Caption-style text data
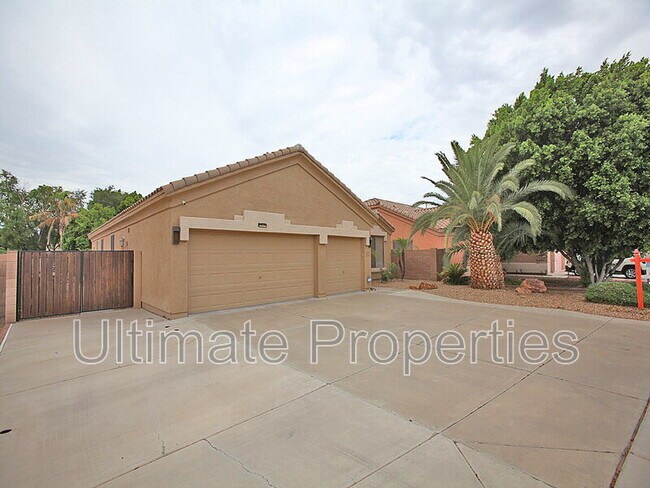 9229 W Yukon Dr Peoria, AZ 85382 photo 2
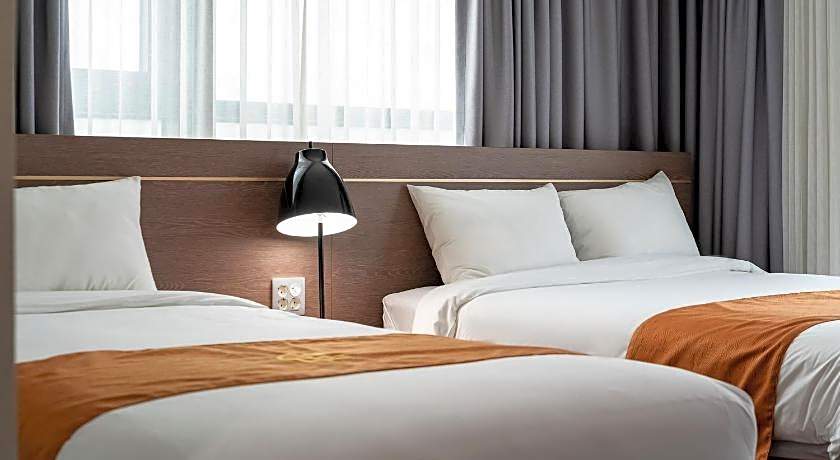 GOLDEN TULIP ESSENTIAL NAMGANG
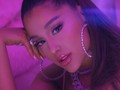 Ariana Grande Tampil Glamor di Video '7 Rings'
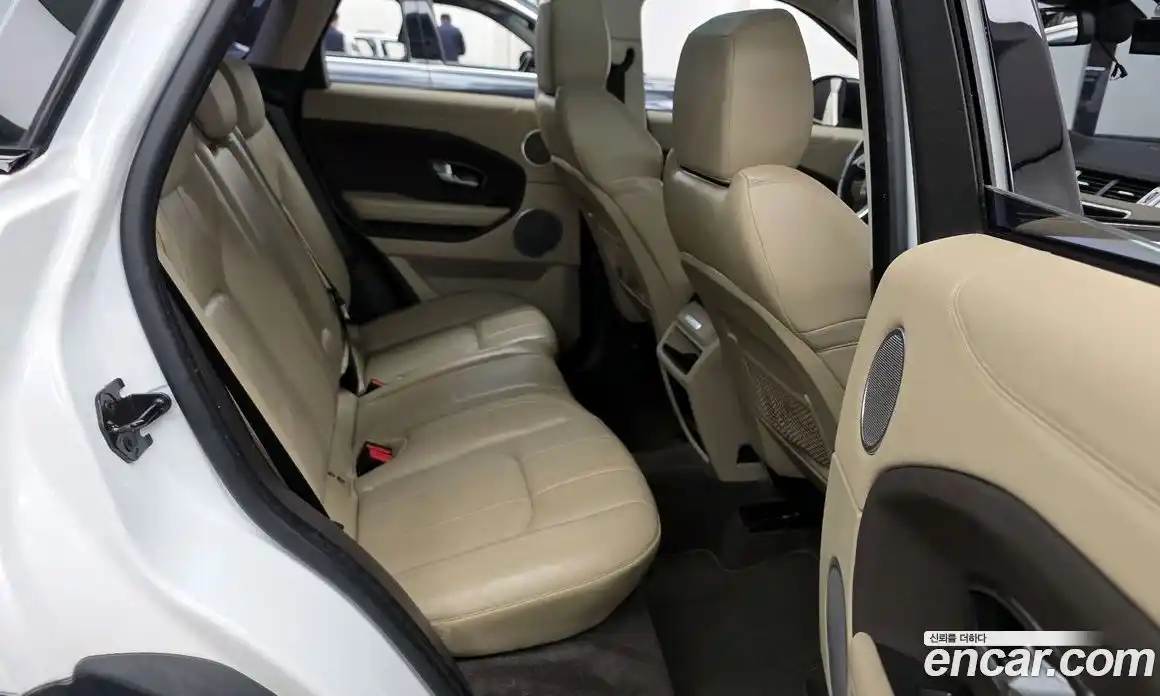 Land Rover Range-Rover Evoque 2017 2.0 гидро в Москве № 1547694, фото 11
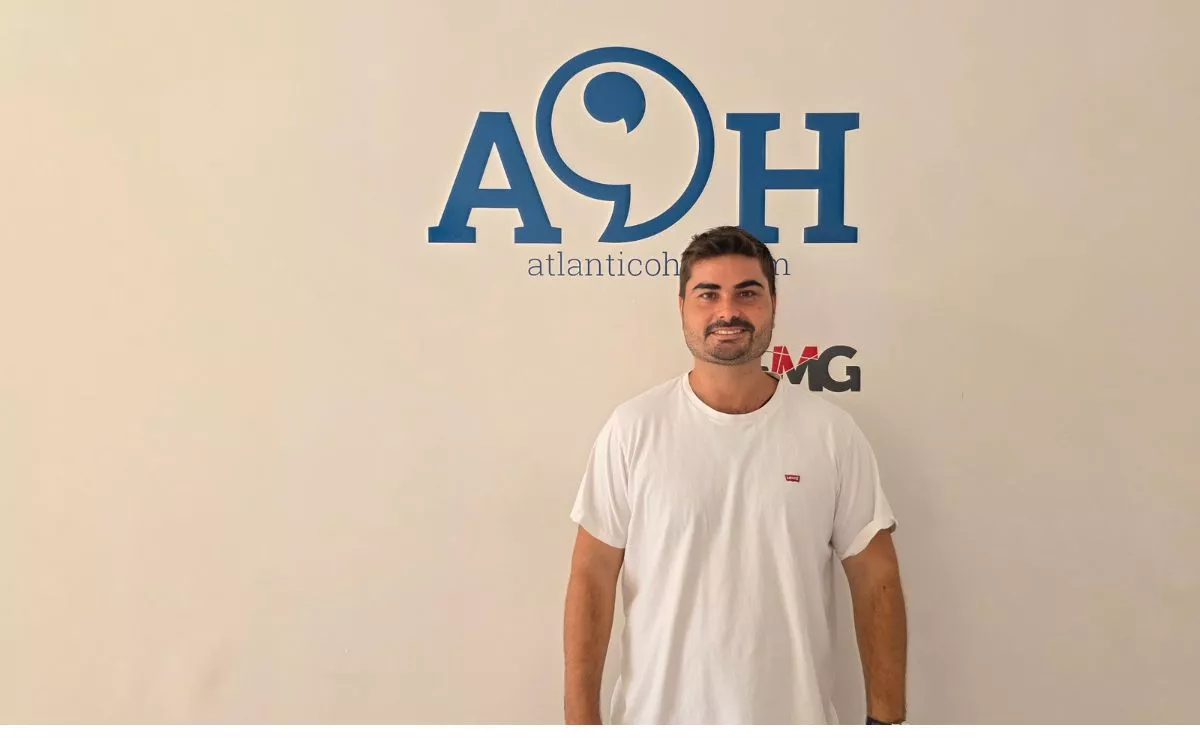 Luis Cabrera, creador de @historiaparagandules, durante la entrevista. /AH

### Assignment
The answer must be an exact restatement of all the records, with no pictures included.

### Expected answer
 9229 W Yukon Dr Peoria, AZ 85382 photo 2
 GOLDEN TULIP ESSENTIAL NAMGANG
 Ariana Grande Tampil Glamor di Video '7 Rings'
 Land Rover Range-Rover Evoque 2017 2.0 гидро в Москве № 1547694, фото 11
 Luis Cabrera, creador de @historiaparagandules, durante la entrevista. /AH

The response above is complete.